The acquisition of the land blocks for this park means that the sum paid out by successive governments through the Nature Heritage Fund (and its predecessor) has now topped $40-million.

That $40-million of taxpayer funds committed during the past decade to protect biodiversity on private land is money well-spent in contributing to New Zealand's conservation heritage.

Under the Biodiversity Strategy adopted last year, the Labour-Alliance coalition has made a commitment to spend almost that same amount of money again but over a shorter five year period.

An extra $37-million has been committed to protect and maintain biodiversity on private land through the Nature Heritage Fund, Nga Whenua Rahui and the Queen Elizabeth-the-second National Trust.

The Biodiversity Strategy set out goals to be achieved in order to turn the tide on our most pervasive environmental problem, the decline of our native animal and plant species, our "indigenous biodiversity".

It seeks to establish a more representative range of natural habitats and ecosystems secure in public ownership.

In particular, the strategy recognises that conservation goals can't be achieved by government agencies alone, but will require the engagement of the wider community. I am sure that the Korowai Torlesse Tussocklands Park will serve as a model in the future for what can be achieved through such community involvement and support.

High country tussock grasslands and associated unique flora and fauna are complex, varied and dynamic ecosystems that have historically been under-represented in public conservation land.

This new park will give the public access to 22,000 hectares of strikingly beautiful high country, a defining landscape for Canterbury that deserves to be preserved for future generations.

The park encompasses the Torlesse and Big Ben ranges, high, dry mountain ranges with remarkable flora and fauna. Slim-leaved snow tussock or wi kura is common and the high altitude tussock grasslands represent the eastern limit of mid-ribbed snow tussock.

Other natural features within the park include:
 Some of the driest mountain beech or tawhairauriki forest and kanuka shrublands of the region;
 Species-rich shrublands;
 Unusual plants and animals adapted to the unstable screes and rock ridges, such as vegetable sheep, South Island edelweiss, penwiper, Haast’s scree buttercup and scree lobelia;
 Some of the best populations of the vulnerable scree pea;
 Several species of mountain daisy carpet some of the more stable slopes;
 Native grasshoppers, weta, cockroaches, lizards and butterflies;
 Kea, falcon or karearea and pipit or pihoihoi inhabit the grasslands; and
 Tomtit or miromiro, riflemen or titipounamu, and brown creeper or pipipi are present in the beech forests.

It is an important area for botanising, scientific research and natural history studies.
It has been used for several long-term studies on mountain land stability and is known as a type–location for many plants and animals. Many of the research sites remain important as internationally renowned benchmarks.

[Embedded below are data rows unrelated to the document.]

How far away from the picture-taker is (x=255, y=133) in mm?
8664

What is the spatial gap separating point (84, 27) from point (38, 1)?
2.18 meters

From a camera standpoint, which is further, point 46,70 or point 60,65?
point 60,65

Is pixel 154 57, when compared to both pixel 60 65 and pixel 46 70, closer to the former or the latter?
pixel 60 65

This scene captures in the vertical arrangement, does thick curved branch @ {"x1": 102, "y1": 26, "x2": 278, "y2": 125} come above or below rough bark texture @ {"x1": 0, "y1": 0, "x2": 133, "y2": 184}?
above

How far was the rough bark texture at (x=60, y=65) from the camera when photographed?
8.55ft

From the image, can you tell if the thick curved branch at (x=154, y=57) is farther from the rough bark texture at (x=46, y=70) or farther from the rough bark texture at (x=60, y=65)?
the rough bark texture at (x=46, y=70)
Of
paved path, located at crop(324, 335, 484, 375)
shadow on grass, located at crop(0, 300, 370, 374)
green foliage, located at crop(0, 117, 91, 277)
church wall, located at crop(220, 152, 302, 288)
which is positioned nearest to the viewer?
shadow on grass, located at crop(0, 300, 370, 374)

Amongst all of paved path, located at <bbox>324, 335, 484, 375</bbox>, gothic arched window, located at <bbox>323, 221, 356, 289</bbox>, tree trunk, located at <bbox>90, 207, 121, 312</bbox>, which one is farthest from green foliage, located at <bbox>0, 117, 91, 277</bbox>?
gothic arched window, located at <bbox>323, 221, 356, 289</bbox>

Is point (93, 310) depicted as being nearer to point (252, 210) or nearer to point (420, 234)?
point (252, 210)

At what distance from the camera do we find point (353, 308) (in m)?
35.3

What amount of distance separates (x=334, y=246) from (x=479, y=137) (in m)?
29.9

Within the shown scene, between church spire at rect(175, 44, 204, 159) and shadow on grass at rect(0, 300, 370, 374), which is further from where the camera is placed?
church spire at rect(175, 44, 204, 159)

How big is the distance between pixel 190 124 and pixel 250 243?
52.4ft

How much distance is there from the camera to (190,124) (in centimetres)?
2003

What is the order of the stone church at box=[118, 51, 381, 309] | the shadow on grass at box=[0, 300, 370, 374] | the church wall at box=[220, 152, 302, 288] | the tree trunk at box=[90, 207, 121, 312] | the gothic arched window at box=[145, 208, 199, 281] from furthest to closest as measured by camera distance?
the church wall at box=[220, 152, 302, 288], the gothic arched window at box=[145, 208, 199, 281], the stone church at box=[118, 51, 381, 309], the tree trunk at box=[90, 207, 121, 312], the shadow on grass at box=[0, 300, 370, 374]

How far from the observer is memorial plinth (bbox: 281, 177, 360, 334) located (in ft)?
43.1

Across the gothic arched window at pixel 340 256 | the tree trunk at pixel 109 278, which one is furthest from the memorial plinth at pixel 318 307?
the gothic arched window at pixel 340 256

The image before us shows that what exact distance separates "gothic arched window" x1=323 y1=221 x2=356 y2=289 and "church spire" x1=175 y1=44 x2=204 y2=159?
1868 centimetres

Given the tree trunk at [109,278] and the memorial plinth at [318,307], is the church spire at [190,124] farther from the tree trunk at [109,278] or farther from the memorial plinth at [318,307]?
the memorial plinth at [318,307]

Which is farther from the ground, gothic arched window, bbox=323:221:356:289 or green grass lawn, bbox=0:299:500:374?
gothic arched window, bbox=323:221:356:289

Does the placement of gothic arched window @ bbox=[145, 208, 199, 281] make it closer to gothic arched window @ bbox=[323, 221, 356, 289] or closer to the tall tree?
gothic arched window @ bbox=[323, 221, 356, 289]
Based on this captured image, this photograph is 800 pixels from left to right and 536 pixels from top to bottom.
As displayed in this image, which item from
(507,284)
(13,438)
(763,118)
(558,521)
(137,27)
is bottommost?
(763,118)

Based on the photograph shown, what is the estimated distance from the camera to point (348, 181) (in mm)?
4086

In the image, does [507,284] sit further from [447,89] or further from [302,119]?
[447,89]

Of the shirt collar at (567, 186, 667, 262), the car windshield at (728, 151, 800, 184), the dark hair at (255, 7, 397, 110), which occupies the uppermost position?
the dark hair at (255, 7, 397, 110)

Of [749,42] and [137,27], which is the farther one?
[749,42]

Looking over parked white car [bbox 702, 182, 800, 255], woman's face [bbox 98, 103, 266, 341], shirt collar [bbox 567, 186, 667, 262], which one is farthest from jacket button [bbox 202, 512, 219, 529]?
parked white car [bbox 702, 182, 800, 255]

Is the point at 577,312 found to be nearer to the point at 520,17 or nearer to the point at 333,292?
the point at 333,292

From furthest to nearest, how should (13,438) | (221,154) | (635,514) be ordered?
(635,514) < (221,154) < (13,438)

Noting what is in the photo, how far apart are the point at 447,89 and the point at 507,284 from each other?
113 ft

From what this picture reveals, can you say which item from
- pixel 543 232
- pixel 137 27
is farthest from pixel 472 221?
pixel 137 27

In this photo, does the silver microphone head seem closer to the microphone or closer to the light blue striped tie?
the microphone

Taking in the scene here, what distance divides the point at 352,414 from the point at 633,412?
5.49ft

The Torlesse Range is one of the most accessible in the country, which is entirely appropriate for a park that owes its creation to local people. It is located alongside State Highway 73, only one and a quarter hours drive from Christchurch. Travellers between Christchurch and the West Coast gain an increasingly panoramic view of the park as they approach the hills, as we all did today.

The area is already popular for a wide range of activities such as tramping and hunting, winter climbing and cross-country skiing, picnicking and boating on Lake Lyndon.

A sense that recreation in the area should essentially remain low key has come through, with support for the continuation of these traditional activities, with little need for additional recreational structures.

This is a milestone achievement for the conservation and protection of high country values, and I am sure it will be the first of many.

I am pleased to formally declare open the Korowai Torlesse Tussocklands Park.